Vi rivelerò ora la sventura sotto un nuovo aspetto, sotto l'aspetto
bello e fiorito che voi accettate e desiderate con tutte le forze della
vostra anima ingannata. La sventura è l'allegria, il piacere, lo
scalpore, la vana agitazione. È la folle soddisfazione della vanità, che
fa tacere la coscienza, che inibisce l'azione del pensiero, che
stordisce l'uomo, che crea confusione riguardo al suo futuro. La
sventura è l'oppio della dimenticanza che voi invocate a gran voce.
Sperate, o voi che piangete! Tremate, o voi che ridete perché il
vostro corpo è soddisfatto! Non si inganna Dio. Non si schiva il
destino. E le prove, creditrici più impietose di un gruppo di rivoltosi
scatenati dalla miseria, spiano il vostro riposo ingannatore per farvi
piombare improvvisamente nell'agonia della vera sventura, quella che
sorprende l'anima infiacchita dall'indifferenza e dall'egoismo.

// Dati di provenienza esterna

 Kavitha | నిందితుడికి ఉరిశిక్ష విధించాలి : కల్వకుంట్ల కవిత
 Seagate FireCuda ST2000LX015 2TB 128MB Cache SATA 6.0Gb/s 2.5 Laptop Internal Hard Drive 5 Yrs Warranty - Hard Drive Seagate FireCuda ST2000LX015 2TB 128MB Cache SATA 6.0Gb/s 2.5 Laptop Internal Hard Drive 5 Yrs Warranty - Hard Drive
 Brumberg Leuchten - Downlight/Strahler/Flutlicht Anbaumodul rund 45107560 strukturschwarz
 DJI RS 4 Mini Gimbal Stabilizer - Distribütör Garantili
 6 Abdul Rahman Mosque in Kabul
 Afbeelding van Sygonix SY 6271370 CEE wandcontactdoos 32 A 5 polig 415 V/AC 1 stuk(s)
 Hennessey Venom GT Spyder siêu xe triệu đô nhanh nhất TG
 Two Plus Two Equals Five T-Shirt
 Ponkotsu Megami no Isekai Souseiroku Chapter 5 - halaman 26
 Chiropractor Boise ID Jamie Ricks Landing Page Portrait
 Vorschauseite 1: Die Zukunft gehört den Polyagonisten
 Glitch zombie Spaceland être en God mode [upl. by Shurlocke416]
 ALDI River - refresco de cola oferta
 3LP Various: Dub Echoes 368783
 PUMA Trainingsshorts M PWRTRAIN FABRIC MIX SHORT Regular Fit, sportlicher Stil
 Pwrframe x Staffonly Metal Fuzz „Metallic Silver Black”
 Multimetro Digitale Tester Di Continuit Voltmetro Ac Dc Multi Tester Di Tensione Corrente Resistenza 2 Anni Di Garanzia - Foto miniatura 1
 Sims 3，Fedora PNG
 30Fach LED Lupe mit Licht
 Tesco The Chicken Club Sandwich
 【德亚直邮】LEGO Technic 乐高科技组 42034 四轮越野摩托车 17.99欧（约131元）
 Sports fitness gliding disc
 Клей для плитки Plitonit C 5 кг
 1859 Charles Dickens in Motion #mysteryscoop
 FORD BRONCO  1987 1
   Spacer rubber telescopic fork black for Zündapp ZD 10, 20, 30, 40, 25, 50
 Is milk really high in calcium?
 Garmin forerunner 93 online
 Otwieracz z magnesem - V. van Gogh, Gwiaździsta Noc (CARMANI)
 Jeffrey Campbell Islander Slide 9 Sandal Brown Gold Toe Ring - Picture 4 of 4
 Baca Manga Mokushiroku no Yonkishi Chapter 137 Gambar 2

Che lo Spiritismo vi illumini dunque e riporti alla loro vera luce
verità ed errori, così stranamente svisati dalla vostra cecità! Allora
voi agirete come dei bravi soldati che, lungi dal fuggire il pericolo,
preferiscono la lotta dei combattimenti rischiosi alla pace che non può
dare loro né gloria né avanzamento. Che importa al soldato perdere nella
mischia le sue armi, l'equipaggiamento e la divisa, se ne esce
vincitore e con gloria? Che importa a colui che ha fede nell'avvenire
lasciare sul campo di battaglia della vita la sua fortuna e il suo
mantello di carne, se la sua anima entra radiosa nel Regno Celeste?